- Tiningnertok Location within Greenland

Highest point
- Elevation: 2,291.48 m (7,518.0 ft)
- Coordinates: 60°35′54″N 43°49′13″W﻿ / ﻿60.59833°N 43.82028°W

Geography
- Location: Kujalleq, Greenland

Climbing
- First ascent: 1976

= Tiningnertok =

Mountain in Southern Greenland

Tiningnertok (Apostelen Tommelfinger, meaning 'Thumb of the Apostle') is a mountain in King Frederick VI Coast, Kujalleq municipality, southern Greenland.

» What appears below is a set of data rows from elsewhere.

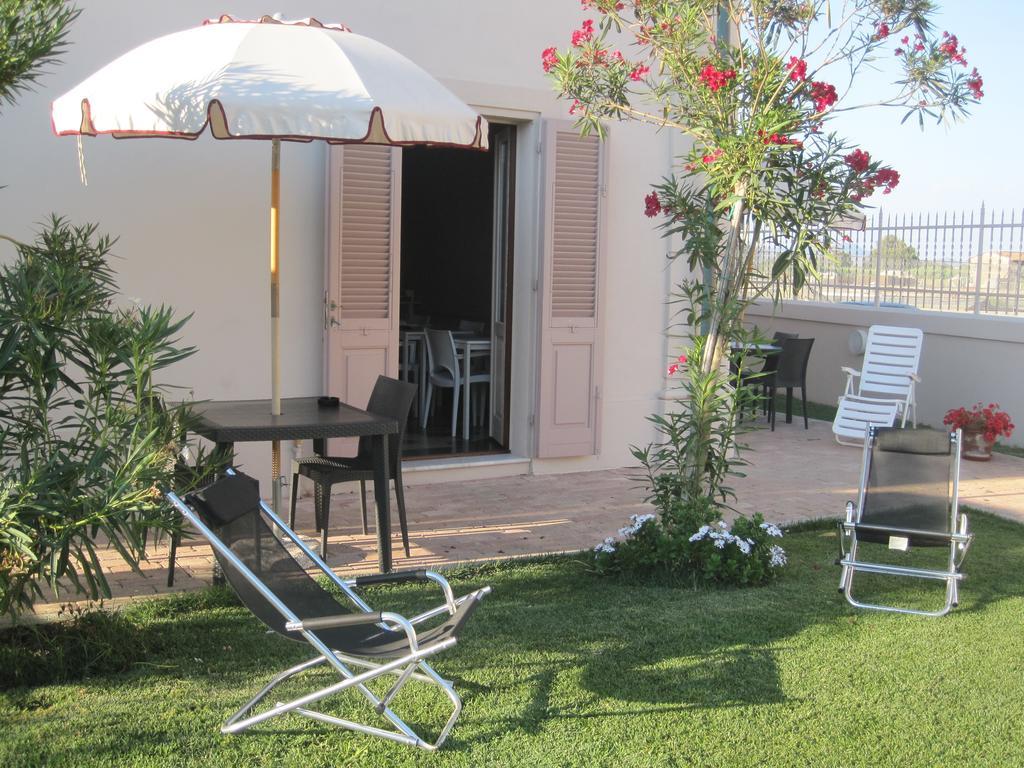 Hotel Villino Ermione à Marina Di Pisa Extérieur photo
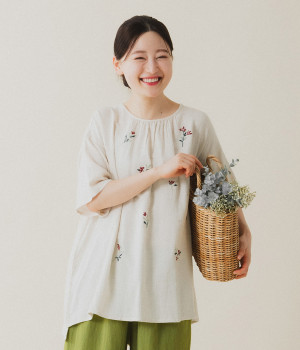 フラワークロスステッチ 5分袖チュニック(ナチュラル-ONESIZE)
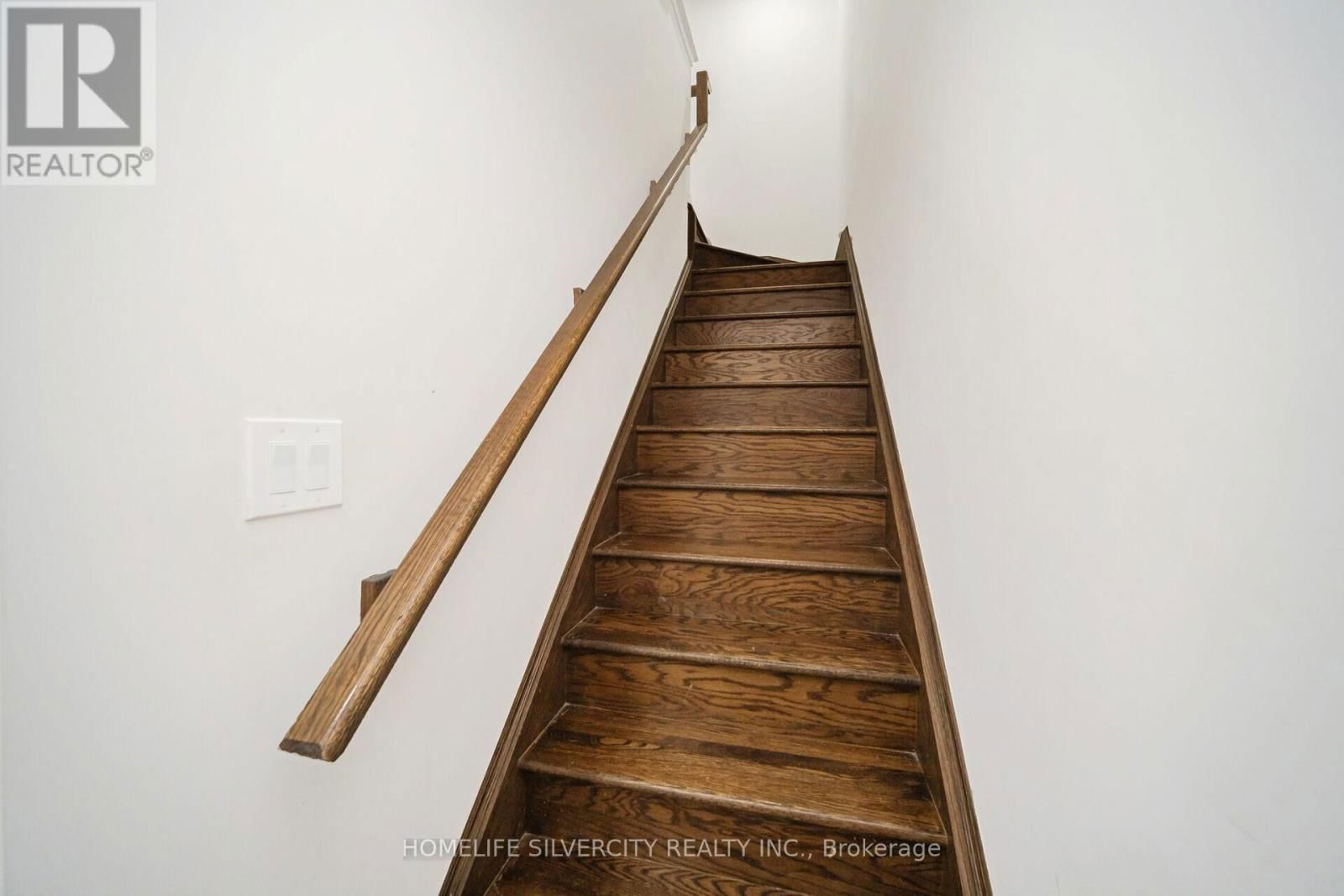 127 BLEASDALE AVENUE Image 4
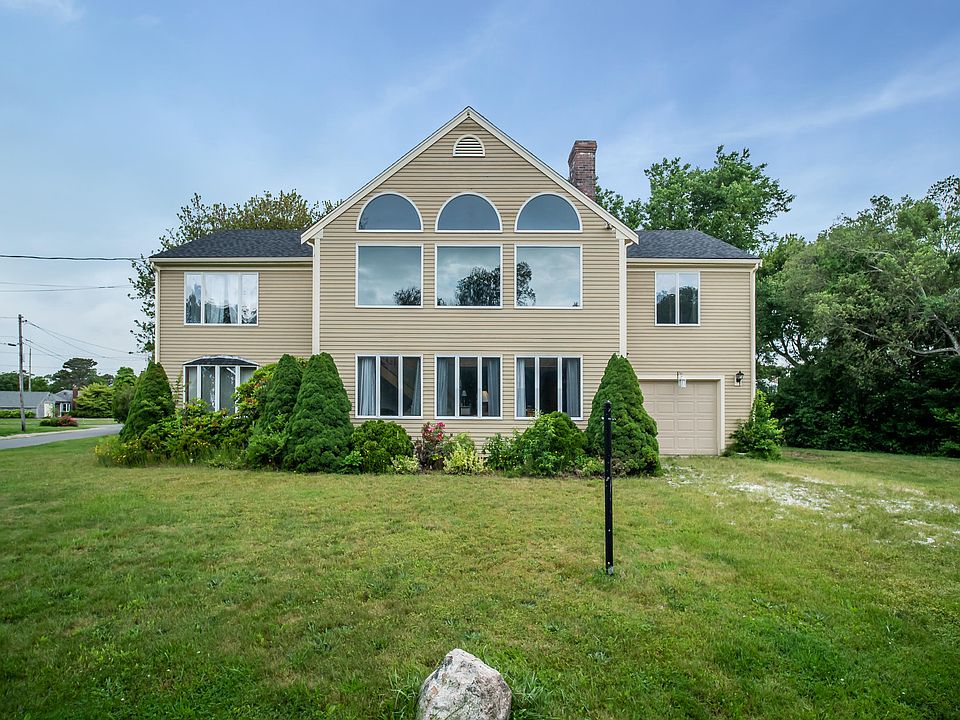 Single family residence in North Falmouth sells for $2.1 million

This mountain is popular among mountaineers, especially its Northeast Face, but it is of difficult access for it lies in an isolated area where climatic conditions are often rough. Its granite walls are similar to Ketil's.

==Geography==
Tiningnertok is a massive 2291.48 m ultra-prominent mountain with multiple peaks at the top. It rises steeply from the shore east of small Tininnertooq Bay on the northern side of the middle section of Lindenow Fjord (Kangerlussuatsiaq), west of the mouth of the Nørrearm branch of the fjord. Akuliarusersuaq is another massive peak rising barely 3 km to the southeast at to a height of 1534.67 m.

==History==
The history of mountaineering in Southeast Greenland began quite recently. In 1971 members of the French Club Alpin of Paris reached the base of the Apostelen Tommelfinger by helicopter, but had to desist following a number of accidents and other problems. Two years later, in 1973, an Italian group of mountaineers also experienced failure while trying to climb this remote peak. Finally the 1976 expedition led by Frenchman Sylvain Jouty succeeded in climbing Tiningnertok.